Dave Brockie, frontman of the theatrical joke-metal institution Gwar, has died, as Blabbermouth has confirmed. Brockie co-founded Gwar in 1984, and he was the only constant member in the band’s 30-year history. Performing as Oderus Urungus, Brockie was something of an underground icon, a proudly ridiculous and obscene figure who built a huge cult audience from the ground up. Richmond, Virginia police found him dead in his home yesterday. He was 50.
After leading the prop-heavy punk band Death Piggy, Brockie joined up with a couple of local art students to start a heavily-costumed joke-metal band, which became Gwar. Over its 30 years, the band built an entire mythos around that goofy-ass idea, an elaborate backstory about invading aliens and nefarious political forces. (Oderus, in storyline, was a 43 billion year-old alien from the planet Scumdogia.) In live shows, they executed a dizzying array of celebrities, spraying the audience with gallons of fake blood from pneumatic cannons and creating a spectacle that, if you’ve ever seen it, you will never forget.
Gwar released their debut album Hell-O in 1988, and they went on to release 12 more, though their recorded music always felt like something of an afterthought. They also released the 1990 video Live From Antarctica and the 1992 movie Phallus In Wonderland, both of which were essential viewing for a particular breed of ’90s punk/metal dork. Throughout the ’90s, they had various unpredictable intersections with pop culture, appearing on The Jerry Springer Show and in the movie Empire Records.
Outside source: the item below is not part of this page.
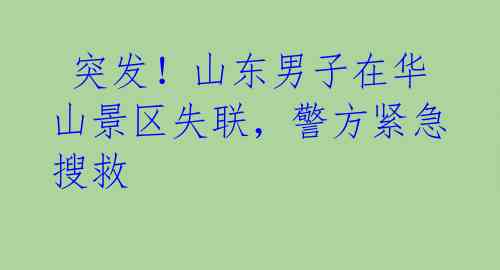  突发！山东男子在华山景区失联，警方紧急搜救 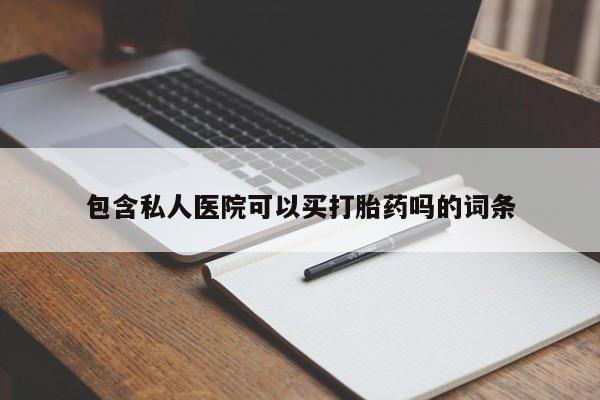 私人卖打胎药微信号,包含私人医院可以买打胎药吗的词条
By the end of the decade, they were a touring fixture, and their live shows, in which entire venues would be turned into slooshing, gooey, violent pits, were an essential rite of passage. If you never saw one, you fucked up.
Gwar have always played themselves as something of a joke, but they’re also an American success story, a circus built on blood and irreverence. Brockie’s commitment to his character and his comic timing, as well as his incredible ability to perform while buried in ungodly-heavy prosthetic props, were staggering and inspiring. The band were also godfathers of the Richmond metal scene, which today ranks as one of the country’s best and most fertile, and its annual Gwar-B-Q festivals in Richmond were a great showcase for the band and for its enduring influence.
When guitarist Cody Smoot, who played the character Flattus Maximus, died suddenly while the band was on tour in 2011, the band didn’t break up; it didn’t even cancel the tour it was on. But Smoot was the fifth guitarist to play the Flattus character. Brockie, by contrast, is the only Oderus in Gwar’s history, and its sole remaining founding member. It’s hard to imagine Gwar soldiering on without him. So let’s celebrate Gwar’s improbably legacy by watching the videos below.
UPDATE: Gwar manager Jack Flanagan has shared a statement:
It is with a saddened heart, that I confirm my dear friend Dave Brockie, artist, musician, and lead singer of GWAR passed away at approximately 6:50 PM EST Sunday March 23,2014. His body was found Sunday by his band mate at his home in Richmond, VA. Richmond authorities have confirmed his death and next of kin has been notified. A full autopsy will be performed. He was 50 years old, born August 30, 1963.
My main focus right now is to look after my band mates and his family. More information regarding his death shall be released as the details are confirmed.